Urgensi Pengawasan Terhadap Sistem Peradilan Dalam Rangka Transformasi Independensi Hakim yang Tepercaya
Kita mengetahui bersama bahwa Komisi III DPR RI, khususnya pada periode 2009-2014 lalu pernah membentuk Panitia Kerja Pemberantasan Mafia Hukum dan Peradilan bersamaan dengan Satuan Tugas (Satgas) Mafia Hukum yang dibentuk oleh Pemerintah.
Namun operasi khusus tersebut nampaknya belum mampu mencegah dan memberantas mafia hukum dan peradilan secara keseluruhan.
Tantangan pada saat ini tentu sedikit berbeda dengan yang lalu, walaupun beberapa akar masalah masih saja terjadi. Beberapa permasalahan atau tantangan tersebut antara lain:
1. Pertama, masih kentalnya budaya korupsi di sistem hukum dan peradilan. Kita tentu ingat betapa mirisnya kesejahteraan hakim (gaji dan tunjangan) yang dirasa kurang memadai.
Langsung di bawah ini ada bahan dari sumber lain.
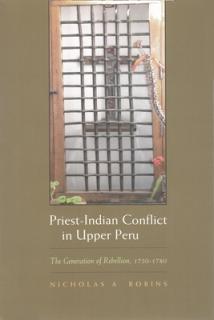 Priest-Indian Conflict in Upper Peru: The Generation of Rebellion, 1750-1780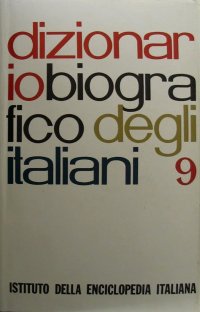 Dizionario Biografico degli Italiani. 9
Para hakim yang tergabung dalam solidaritas hakim datang kepada Komisi III DPR untuk memperjuangkan nasibnya. Beruntung, mereka pada saat itu mendapat jawaban dari Presiden terpilih yang kini telah dilantik menjadi Presiden RI.
Dampak secara sosial-ekonomi inilah yang mempengaruhi budaya korupsi dan gratifikasi masih seolah merupakan hal yang dianggap wajar.
2. Hal kedua adalah masih belum memadainya sistem pengawasan yang ada. Pada saat ini, pengawasan telah diatur dilakukan baik oleh eksternal (KY) maupun MA sendiri (internal).
Namun ternyata pengawasan ini masih belum memberi efek cegah atau jera (prevention and deterrence) pada praktik suap dan pelanggaran etik hakim.